A semi-circular structure surrounded by plants will be a calming conversation starter inside Tūranga.
The Green Connection Pod, which is a wooden frame lined with 36 indoor plants, provides seating for two people face-to-face and is designed to promote relaxed conversations.
It will be installed on the ground floor of Tūranga in early September and will remain there until the end of October with special programming planned for Mental Health Awareness Week from 23 to 29 September.
The pod has been designed by Jordan Hampson of The Green Lab, formerly known as Greening the Rubble, an organisation that aims to create urban green spaces to support social connection and wellbeing in Christchurch.
Research shows plants promote wellbeing and anecdotal evidence suggests they might also make people feel more comfortable about initiating conversations that would otherwise be challenging, says Green Lab Project Manager Khye Hitchcock.
“In 2018 we created The Green Lounge for the BizDojo co-working space.

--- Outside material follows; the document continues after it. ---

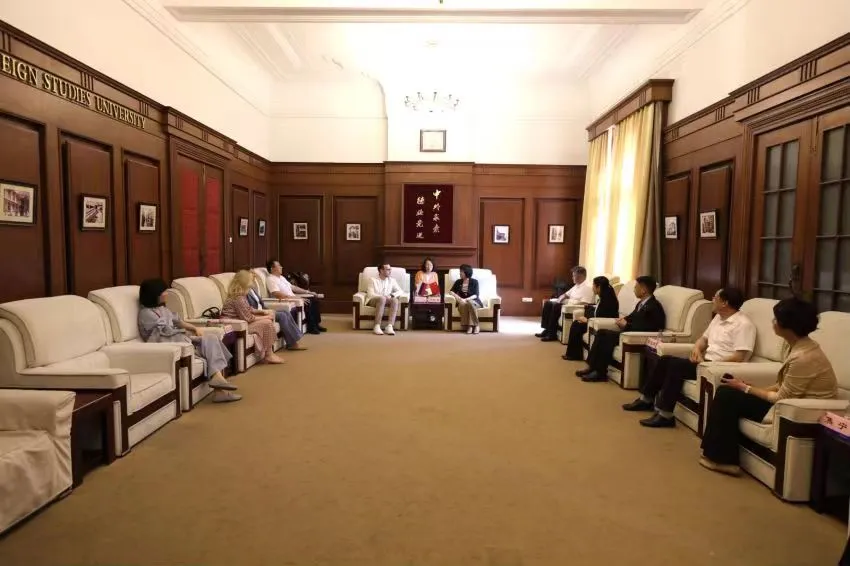 18.7.俄罗斯红十字会会长访问天津.jpg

People using the area said it improved their general mood and they were able to have more genuine, vulnerable conversations when surrounded by plants.”
Khye says the Connection Pod takes the essence of The Green Lounge but delivers it in a wooden flat-pack kit.
“There’s not a lot of space for intimate personal connection in our urban environment so we’re testing a design for a space where people hopefully feel relaxed and able to interact directly with each other."
The Green Lab, which is supported by the Council’s Enliven Places Programme, has partnered with the All Right? Campaign and Christchurch City Libraries staff to design the user experience of the pod at Tūranga.
All Right? team members have written some conversation starters that will be provided inside, as well as phone numbers for support lines and wellbeing information.
Tūranga Library Manager Chris Hay says it’s a creative and positive project. “There’s a lot of evidence to show that green environments have a beneficial impact on our mental and physical health so it will be interesting to see how providing this peaceful refuge inside the library might encourage conversation and a sense of community."